The Pakistani government named a caretaker prime minister on Saturday, a move that kicks off preparations for the country’s next general elections and comes amid a year of political turmoil.
The close ties that the new leader, Anwar-ul-Haq Kakar, has to the country’s powerful military reinforces its dominance over Pakistan’s politics, sending a clear message: After a year of political turmoil that challenged the authority of military leaders, they have a firm hand on the wheel once more.
“He is undoubtedly a choice of the establishment,” Khalid Mahmood Rasool, a political analyst and newspaper columnist, said, referring to the military establishment.
The term of the outgoing government, led by Shehbaz Sharif, who is also close to the military, ended on Thursday.
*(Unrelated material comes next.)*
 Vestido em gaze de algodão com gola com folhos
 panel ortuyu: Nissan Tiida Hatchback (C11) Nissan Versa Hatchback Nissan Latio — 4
In Pakistan, once a government’s term ends, a caretaker must be established to oversee the next general elections.
Mr. Kakar’s appointment comes amid growing speculation that elections — once expected to be held this fall — are likely to be delayed until next spring at the earliest. It also follows a dramatic week in Pakistani politics.
Last Saturday, a former prime minister, Imran Khan, was arrested and sentenced to three years in prison after being found guilty in a corruption case. The arrest was a climactic twist in the yearlong political showdown between the former leader, who was ousted in April 2022 in a vote of no confidence, and the military, which he accused of orchestrating his downfall. Military leaders deny those claims.
In the year since Mr. Khan fell out with the military and left office, he proved that he was still a force to be reckoned with in Pakistani politics. In rallies and marches across the country, he drew thousands of his supporters to the streets, where he assailed military leaders for the hard grip on power they held behind the scenes of the struggling democracy.
The military responded with a chilling crackdown on his supporters that has all but hollowed out his party in recent months — a campaign that culminated with the imprisonment of Mr. Khan last week and showed that even vigorous public defiance can’t dethrone Pakistan’s military.
With his conviction, Mr. Khan has been barred from running for office for five years, officials said last week. Mr. Khan is currently appealing his sentence in a heated legal battle that will determine his — and the country’s — political future. He is facing a slew of other court cases that he has characterized as little more than political revenge.
Mr. Kakar will be sworn in as the interim prime minister within a week, officials said.
Typically, elections must held within 60 to 90 days of the dissolution of Parliament. But there are growing doubts that the country will go to the polls by that deadline.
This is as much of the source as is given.